Backed only by an electric cello (damn, those instruments are crazy-looking), Lawr had even the most "mature"-looking, crisp black business-garbed Yonge-and-Eglinton types calling for an encore after he sailed through a set of alt-countryish tunes from this year's lovely The Heart Beats A Waltz disc.
It's obvious Lawr's more accustomed to having a drum kit separating him from the audience (the sweet-voiced singer/songwriter could use a shot of confidence or a shot of Jack Daniel's to take the energy up a notch), and his live songs might benefit from the full band treatment they get on disc. But his songcraft is impeccable and fresh, and Lawr's restrained sincerity was enough to steal the show from both acts that followed.
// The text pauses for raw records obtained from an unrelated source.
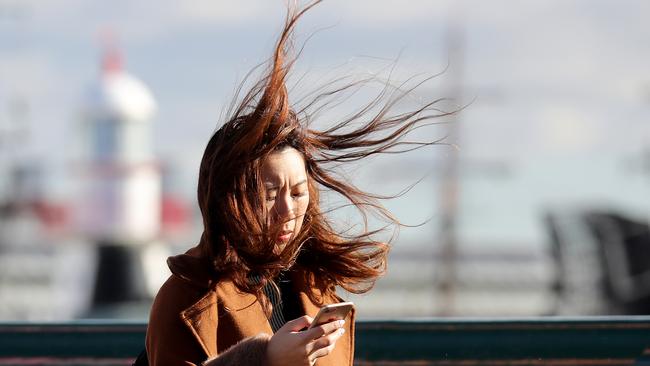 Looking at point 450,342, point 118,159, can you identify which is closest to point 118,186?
point 118,159

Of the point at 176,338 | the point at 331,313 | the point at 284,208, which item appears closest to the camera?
the point at 331,313

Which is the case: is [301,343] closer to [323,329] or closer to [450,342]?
[323,329]

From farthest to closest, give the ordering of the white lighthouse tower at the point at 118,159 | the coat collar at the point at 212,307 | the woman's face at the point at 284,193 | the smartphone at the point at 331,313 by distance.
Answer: the white lighthouse tower at the point at 118,159 < the woman's face at the point at 284,193 < the coat collar at the point at 212,307 < the smartphone at the point at 331,313

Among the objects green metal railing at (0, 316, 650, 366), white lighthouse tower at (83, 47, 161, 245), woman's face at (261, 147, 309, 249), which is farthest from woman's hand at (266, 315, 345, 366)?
white lighthouse tower at (83, 47, 161, 245)

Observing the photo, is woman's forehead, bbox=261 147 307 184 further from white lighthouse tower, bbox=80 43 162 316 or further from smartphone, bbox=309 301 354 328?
white lighthouse tower, bbox=80 43 162 316

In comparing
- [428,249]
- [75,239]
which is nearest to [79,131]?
[75,239]

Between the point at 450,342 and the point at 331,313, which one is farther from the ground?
the point at 331,313

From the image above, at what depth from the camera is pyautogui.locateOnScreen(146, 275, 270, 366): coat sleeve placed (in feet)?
9.52

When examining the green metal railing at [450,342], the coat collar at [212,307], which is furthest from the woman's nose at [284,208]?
the green metal railing at [450,342]

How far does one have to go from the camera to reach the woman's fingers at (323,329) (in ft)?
9.25

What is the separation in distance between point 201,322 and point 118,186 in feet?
106

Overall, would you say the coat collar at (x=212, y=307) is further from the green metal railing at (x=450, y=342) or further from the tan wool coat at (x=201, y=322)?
the green metal railing at (x=450, y=342)

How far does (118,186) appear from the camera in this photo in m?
34.8

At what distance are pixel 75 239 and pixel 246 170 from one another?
34088 mm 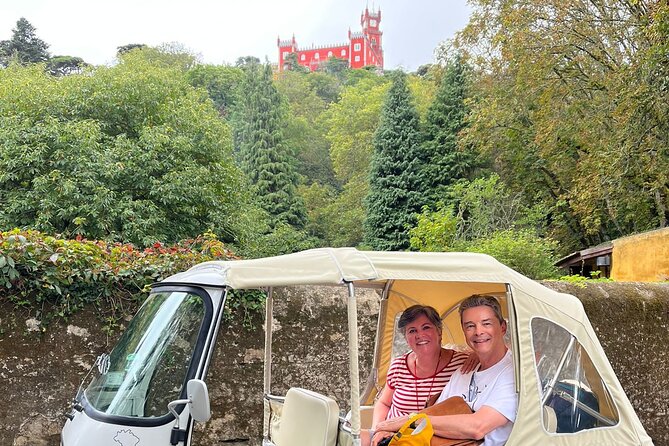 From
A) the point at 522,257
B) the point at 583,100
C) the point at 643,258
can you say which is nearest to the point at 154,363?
the point at 522,257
That genuine vibe is something that evades main attraction Joe Henry . Maybe it's just a function of his living in L.A., but it felt like the moody crooner was playing the part of Dark, Mysterious Musician In A Jazz Bar, right down to his rumpled suit and floppy coif.
Henry's an awesome producer - check any of his albums or soul belter Solomon Burke's 2002 comeback disc for proof - but the noirish atmosphere of his records dissipates live. The guy should have enough experience to know that a single sample-equipped synth and a stand-up bass can't stand in for elaborate studio arrangements (think loads of brass and a full chamber ensemble).
Without the additional instruments as distraction, you started to realize how cheesy Henry's tunes can be. He may be trying to emulate buddy Tom Waits, but none of Henry's mawkish couplets are anywhere near the class of a Kentucky Ave or even a Martha. And his overwrought vocal acrobatics - the strained breaks during emotional moments, the bearish growls - were just silly.
By the time local singer/songwriter Adam Cotton took the stage close to midnight, the crowd had pretty much cleared out. The poor fella made a valiant effort to boost the energy in the club, aided by the ragdoll goofiness of a barefoot guest bassist from L.A.
His everything-but-the-kitchen-sink band was excellent, with mandolin riffs and teeny-weeny thumb cymbals adding cool effects to the varied tunes.
But let's be honest. Cotton sings out of tune. The guy writes great songs that reinvent tired genres, but it don't mean a thing if he can't quite sing.